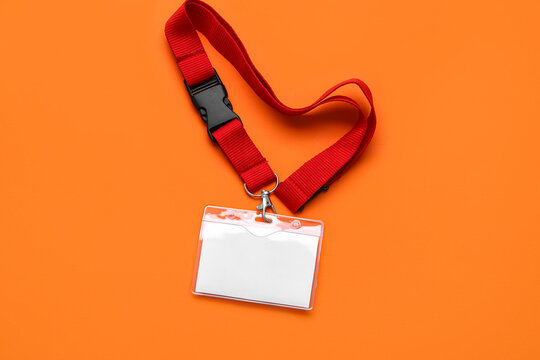 Blank badge with red neck lanyard on color background - Powered by Adobe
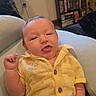 Kane joined the competition — help win amazing prizes! baby, bookshelf, casual_clothing, child, cozy, cushion, cute, dvd_collection, home, indoor, infant, person, plush_toy, portrait, relaxed, sitting, smiling, tongue_out, window, yellow_shirt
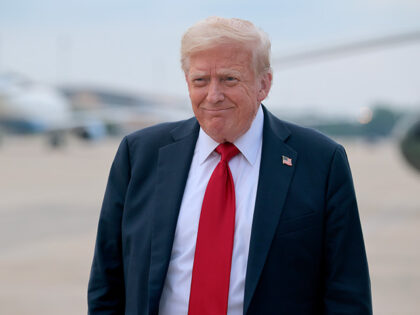 U.S. President Donald Trump talks to reporters after returning to Washington after attendi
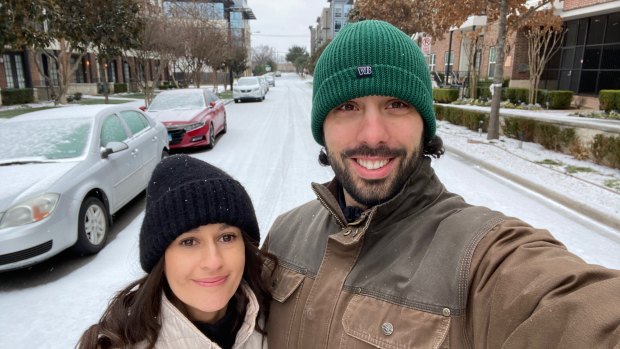 Australian expats Emilia and Daniel Carrasco were excited to see snow for the first time before their power went down. 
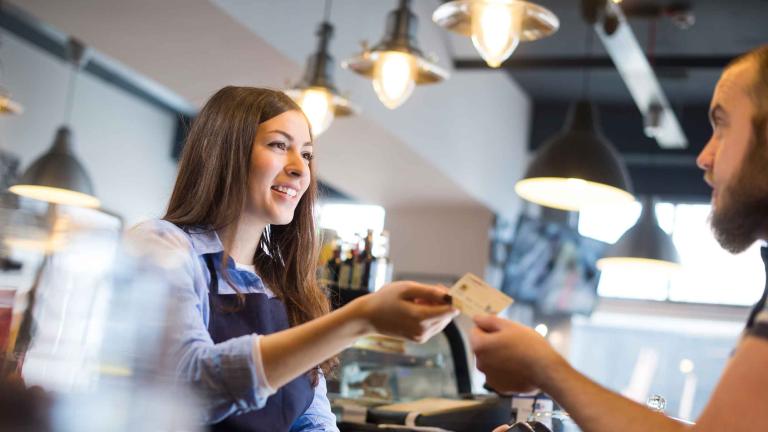 naiset vastaanottavat korttimaksuja miehille kahvilassa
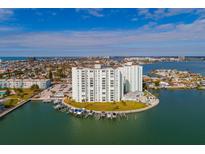 Aerial view of waterfront condo building with boat slips and city views at 400 64Th Ave # 508, St Pete Beach, FL 33706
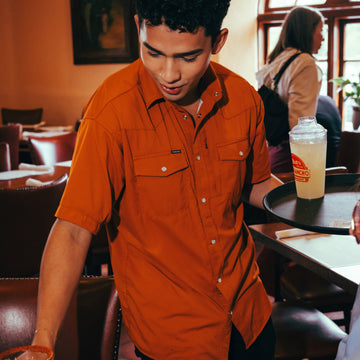 Young man wearing The 1969 orange short-sleeve shirt serving drinks in a lively cafe setting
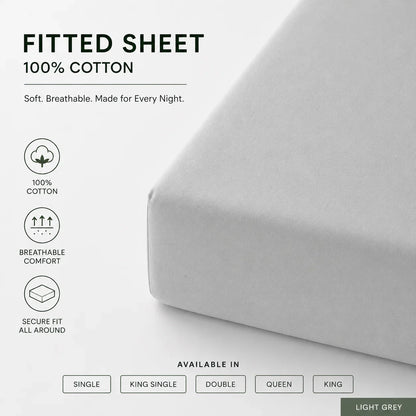 A fitted sheet in light gray shown on a bed corner, with text reading 'FITTED SHEET 100% COTTON' and feature icons for cotton, breathable comfort, and secure fit. Available sizes and color options are shown below.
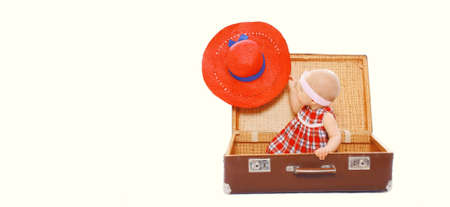 Child sitting in suitcase with red summer straw hat on white backgroundの写真素材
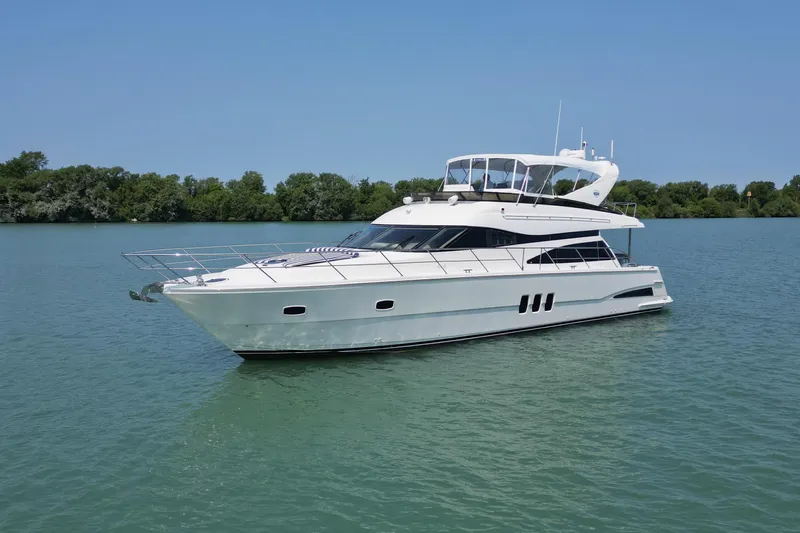 Day To Day Yacht Photos Pics 2008 Neptunus 62 Flybridge yacht cruising on a serene lake under clear skies.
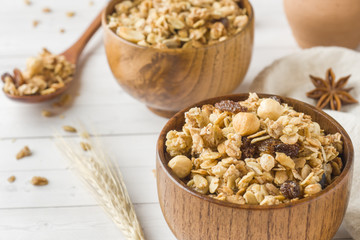 Dry Breakfast of oat flakes, granules and nuts. Muesli in a deep wooden plate.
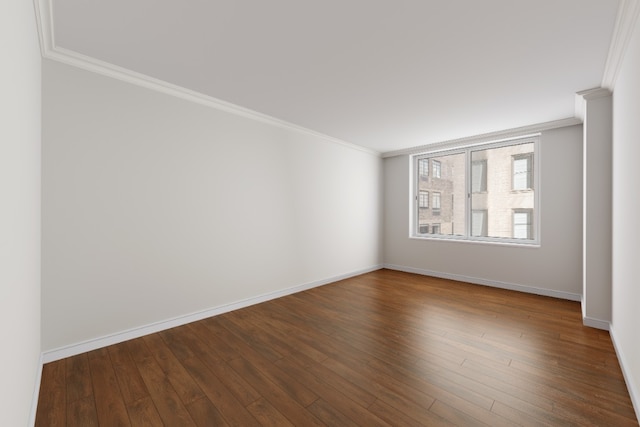 empty room featuring baseboards, dark wood-style flooring, and crown molding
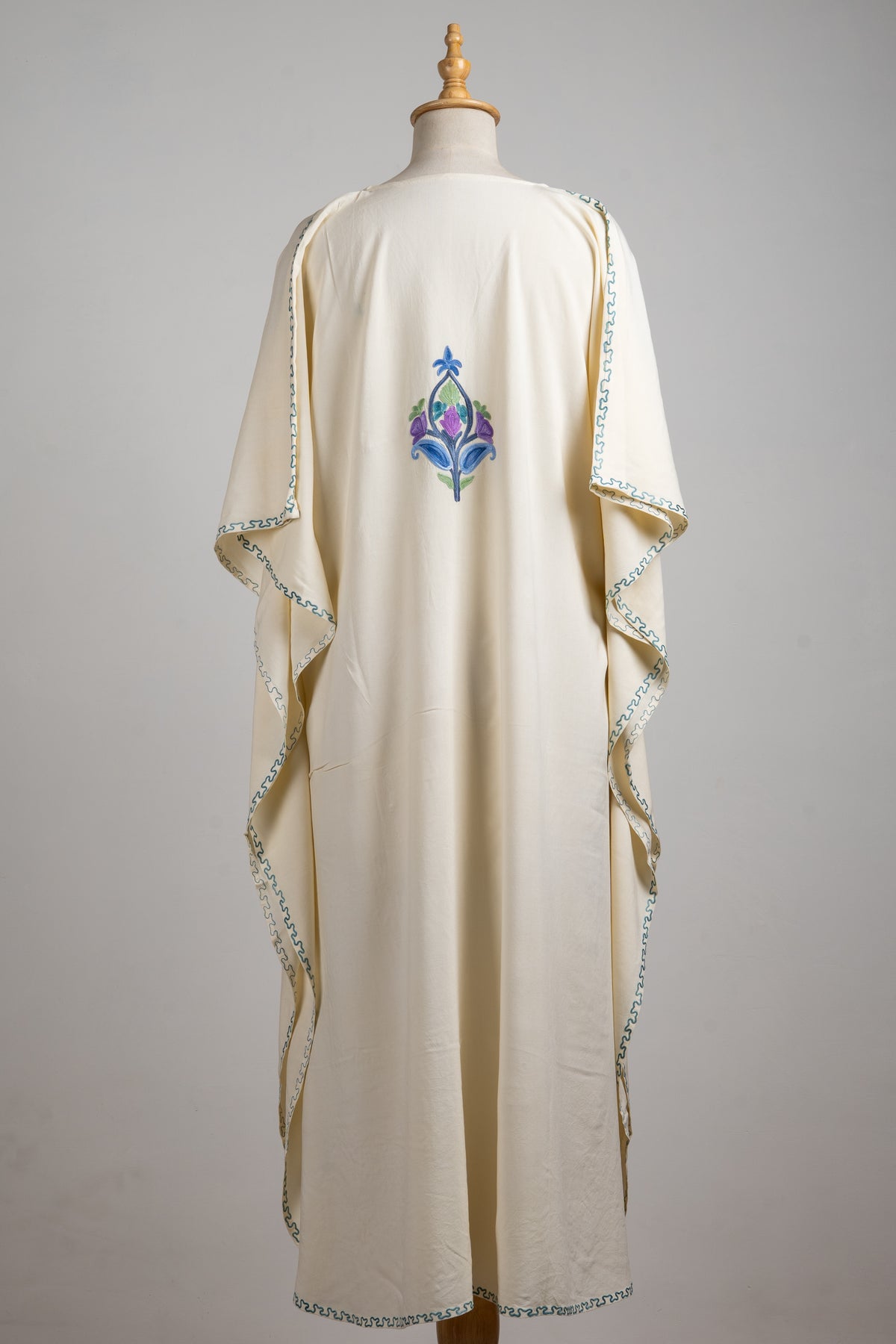 Full back view of the ivory kaftan with a single blue and purple floral motif and fine teal edging around sleeves and hem.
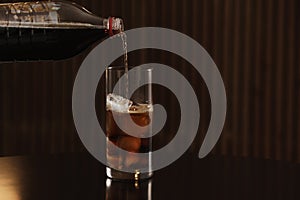 Pouring cola from bottle into glass with ice cubes on table against blurred background.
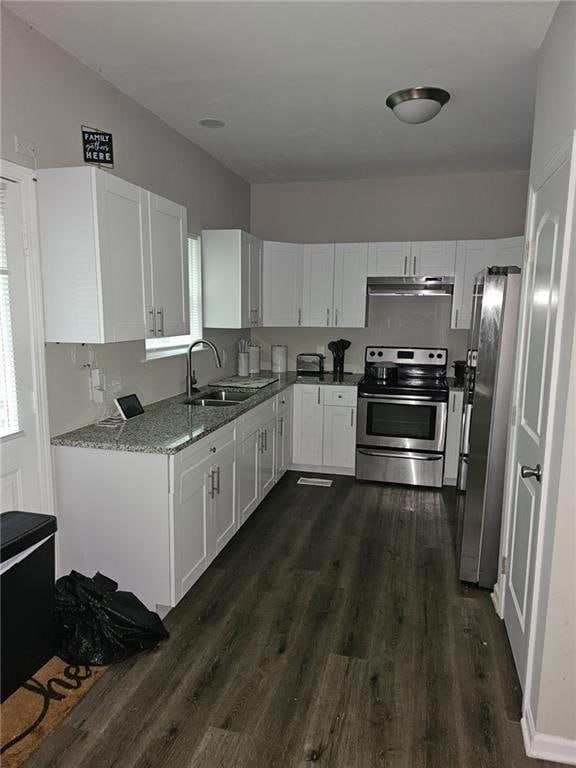 Kitchen featuring appliances with stainless steel finishes, light stone countertops, white cabinetry, dark wood-style flooring, and under cabinet range hood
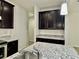 Modern kitchen features granite countertops, dark cabinets, and stainless steel appliances at 3275 Wild Basil Ln, Buford, GA 30519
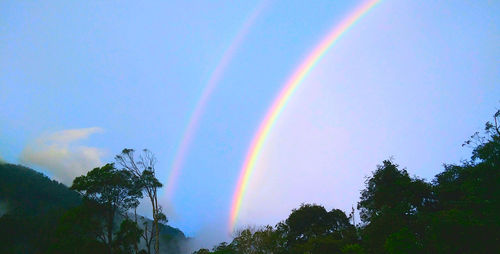 Low angle view of rainbow against sky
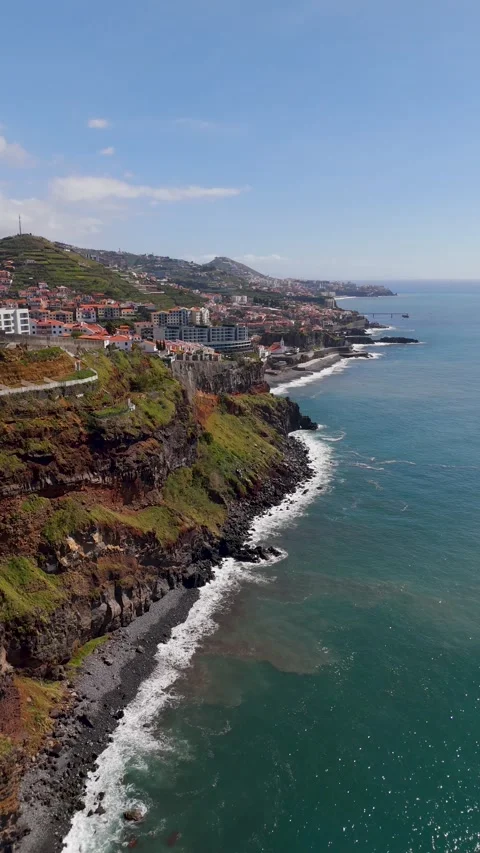 Vertical Drone View Flying Towards Câmara de Lobos Town, Madeira Coast Vertical Drone View Flying Towards Câmara de Lobos Town, Madeira Coast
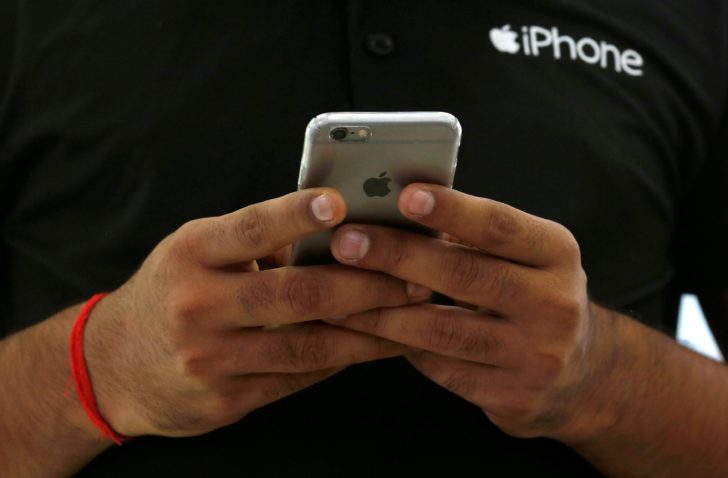 FILE PHOTO: A salesman uses his iPhone at a mobile phone store in New Delhi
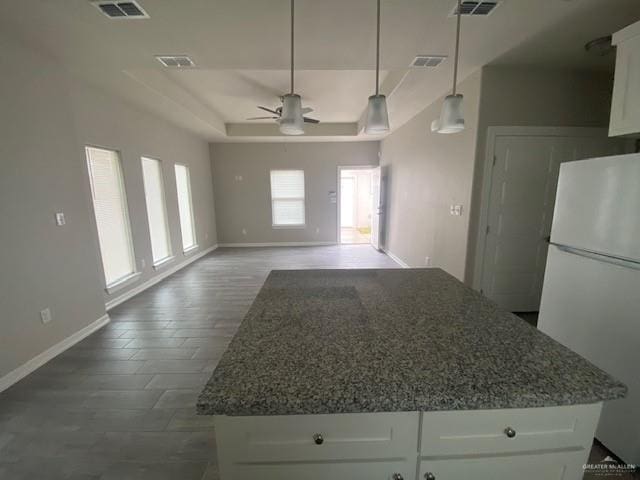 kitchen featuring white cabinetry, ceiling fan, hanging light fixtures, dark stone countertops, and white fridge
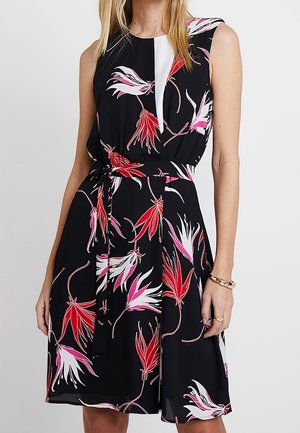 Czarna sukienka bez rękawów w czerwono-biało-różowy kwiatowy wzór, z talią podkreśloną wiązanym paskiem, noszona przez stojącą kobietę na jednolitym tle.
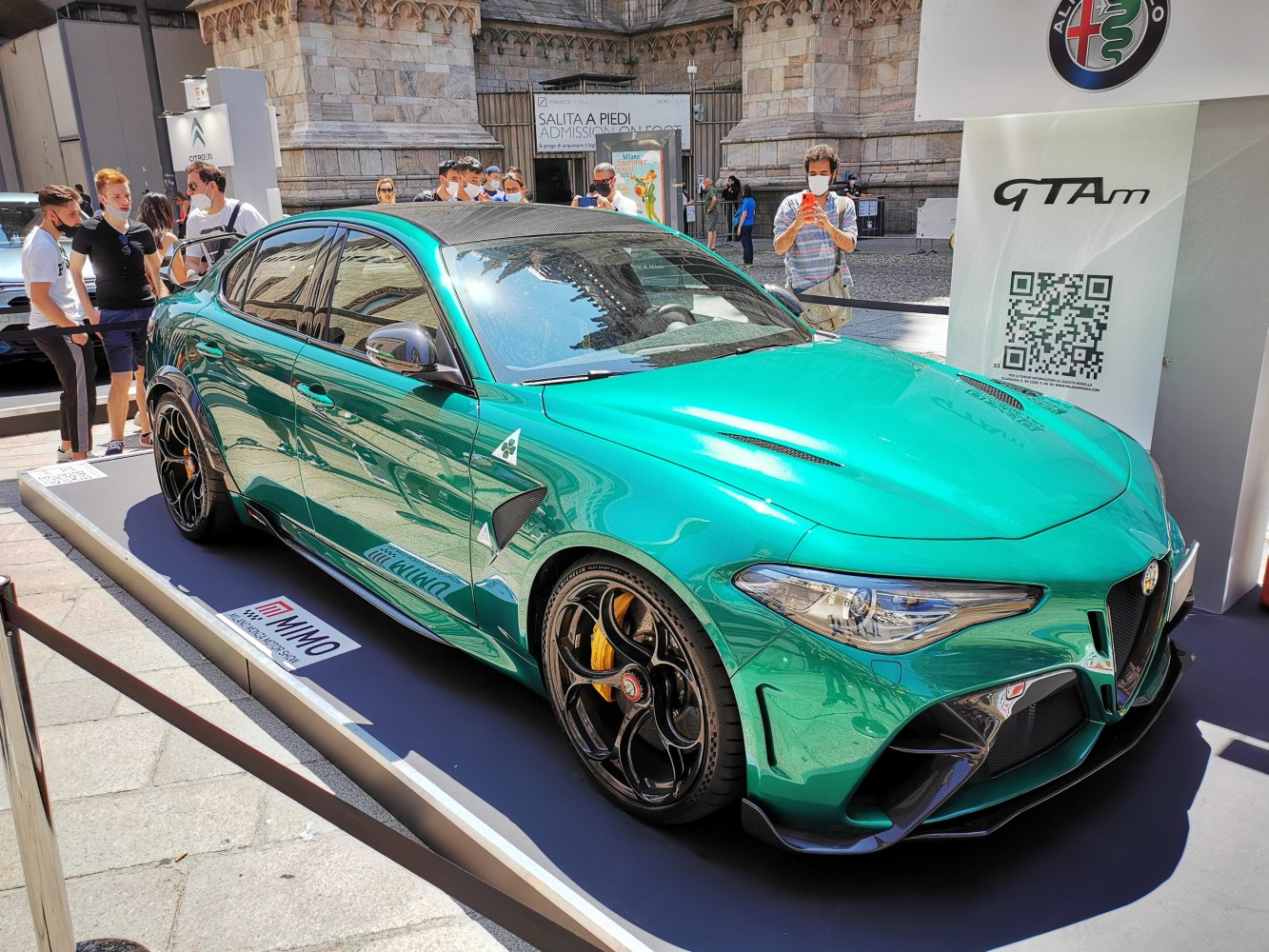 Green high-performance sedan with aggressive aerodynamics and black wheels
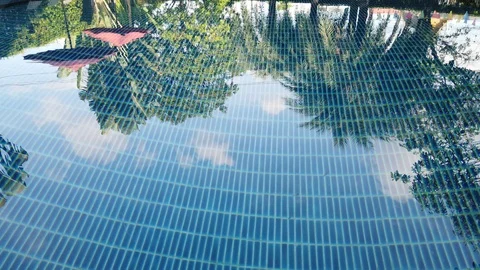 Water reflection of small hotel resort pool area with no people Video stock 107353224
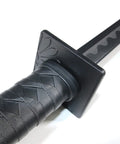 Close-up of durable lightweight polypropylene ninja sword for ninjutsu practice and sparring, black 34.5 inch training blade handle detail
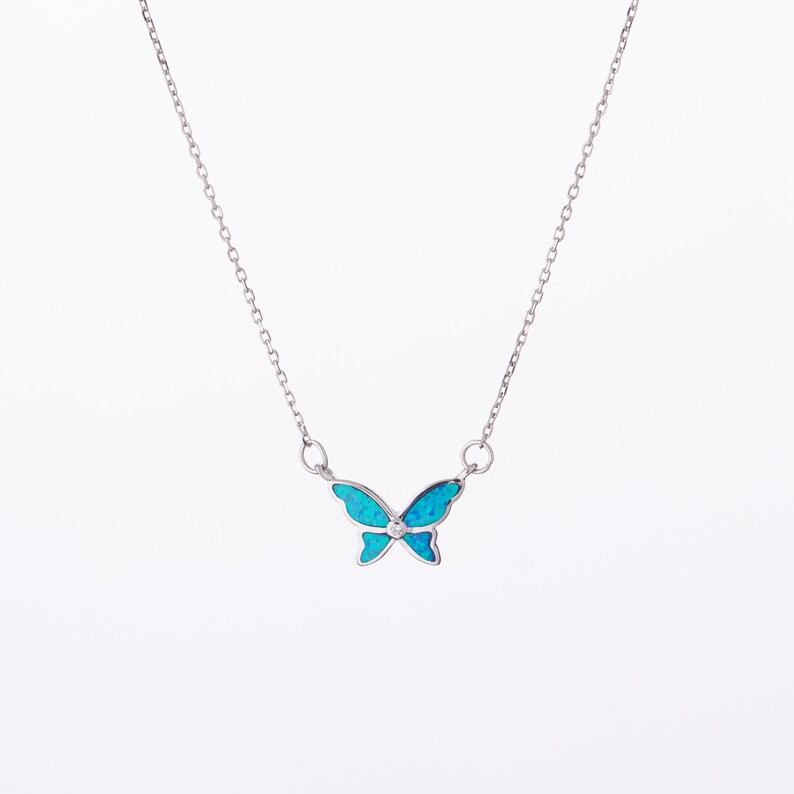 May include: A silver chain necklace with a blue opal butterfly pendant.
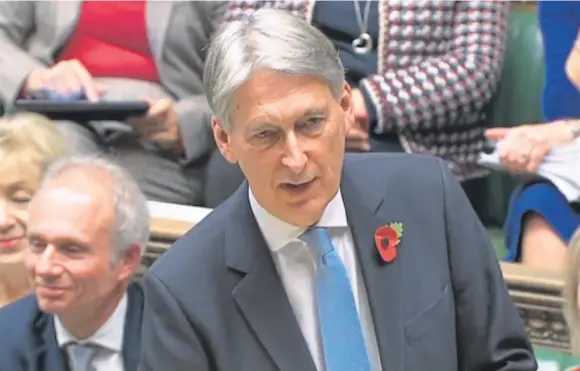  ?? Picture: PA. ?? Chancellor Philip Hammond delivers his Budget from the despatch box yesterday, claiming the end of austerity.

____

In the listing above, find the line containing "Modern kitchen features" and the line containing "Low angle view of rainbow against sky", then output those two lines and everything between them exactly as written, without the images.

 Modern kitchen features granite countertops, dark cabinets, and stainless steel appliances at 3275 Wild Basil Ln, Buford, GA 30519
 Low angle view of rainbow against sky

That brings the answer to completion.